“SIMULASI BENCANA”
Diajukan Sebagai Salah Satu Syarat UAS Mata Kuliah Keperawatan Bencana
Dosen Pembimbing : Irpan Ali Rahman, S.Kep.,Ners.,M.Kep.
Oleh:
FIDYA ANISA FIRDAUS
1703277016
4A
BERPENYAKIT KRONIS
1. Berkeliling antara orang-orang untuk menemukan masalah kesehatan
mereka dengan cepat dan mencegah penyakit mereka memburuk.
Perawat harus mengetahui latar belakang dan riwayat pengobatan
dari orang-orang yang berada di tempat dengan mendengarkan
secara seksama dan memahami penyakt mereka yang sedang dalam
proses pengobatan. Sebagai contohnya pada penyakit diabetes
2. Diperkirakan munculnya gejala khas, seperti gangguan jantung,
ginjal, dan psikologis yang memburuk karena kurang control
kandungan gula di darah bagan pasien diabetes.
3. Perawat memberikan dukungan kepada pasien untuk memastikan
apakah mereka diperksa dokter dan minum obat dengan teratur.
Karena banyak obat-obatan komersial akan di distribusikan ke
tempat pengungsian, maka munculah resiko bagi pasien penyakit
krons yang mengkonsumskan beberapaobat tersebut tanpa
memperhatikan kecocokan kombinasi antara obat tersebut dan obat
yang di berikan.
DISABILITAS
1. Melakukan evakuasi bagi penyandang disabilitas untuk menjauh dari
lokasi bencana.
2. Mengevakuas penyandang disabilitas yang ditinggal oleh
keluarganya saat terjadi bencana.
3. Menampung di pengungsan.
4. Membawa korban kerumah sakit.
5. Melakukan pendataan dan penilaian.
6. Memberikan konseling.
7. Memberikan terapi.
SAKIT MENTAL
1. Intervensi masalah psikososial dini dilakukan bersama dengan tim
lain yang terkait dimulai setelah 48 jam kejadian bencana.
2. Intervensi kesehatan jiwa :
a. Menangani keluhan psikiatrik yang mendesak (misalnya
keadaan yang membahayakan diri sendiri atau orang lain,
psikosis, depresi berat, mania, epilepsi) di pos kesehatan.

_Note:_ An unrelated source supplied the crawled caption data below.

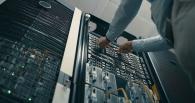Technician installing server components inside a data center, supporting cloud computing and AI infrastructure.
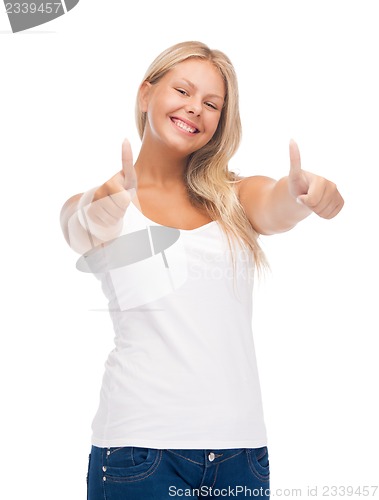 Image of teenage girl in blank white t-shirt with thumbs up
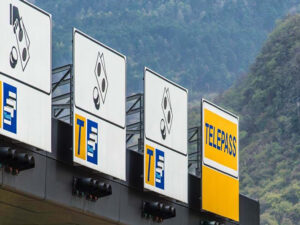 Brenner Autobahn toll booths A22 with overhead signs and Telepass lane, forested mountains behind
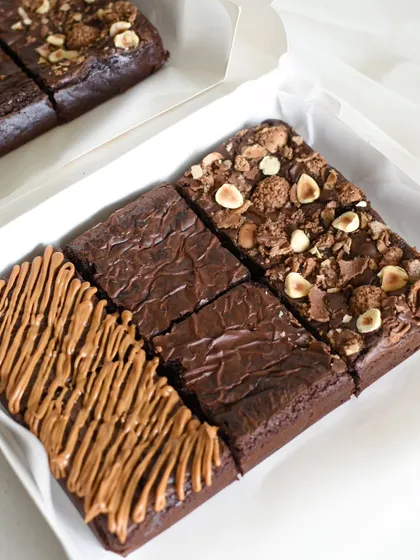 A close-up of my Assorted Brownies Box, a bestseller for Rakshabandhan. This box features a trio of my most loved flavors: rich Biscoff, classic Gooey Fudgy, and decadent Ferrero Rocher, all 100% eggless and freshly baked.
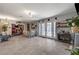Open dining area leading to an entertainment area and patio via glass doors at 1631 Ottawa Dr, Las Vegas, NV 89169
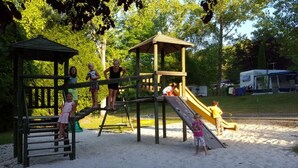 A playground with a wooden structure, slides, and a fenced area.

b. Melaksanakan prinsip 'pertolongan pertama pada kelainan
psikologik akut' yaitu, mendengarkan, menyatakan keprihatinan,
menilai kebutuhan, tidak memaksa berbicara, menyediakan atau
mengerahkan pendamping dari keluarga atau orang yang dekat,
melindungi dari cedera lebih lanjut.
c. Tidak dianjurkan untuk memaksa orang untuk berbagi
pengalaman pribadi melebihi yang akan dilakukan secara alami.
Bekerja sama dengan penyembuh tradisional (traditional healers)
jika mungkin. Dalam beberapa keadaan, dimungkinkan kerja sama
antara praktisi tradisional dan kedokteran.
6. Perlindungan dan perawatan bagi petugas dan caregiver
Caregiver adalah individu yang memberikan bantuan kepada orang
lain yang mengalami disabilitas atau ketidakmampuan dan
memberikan bantuan dikarenakan penyakit dan keterbatasannya yang
meliputi keterbatsan fisik dan lingkungan (widiastuti, 2009). Adapun
yang menjadi fungsi caregiver adalah memberkan bantuan dan
perawatan terhadap orang-orang yang membutuhkan bantuan, baik
secara fisik, psikologis, spiritual, emosional, sosial, dan finansial.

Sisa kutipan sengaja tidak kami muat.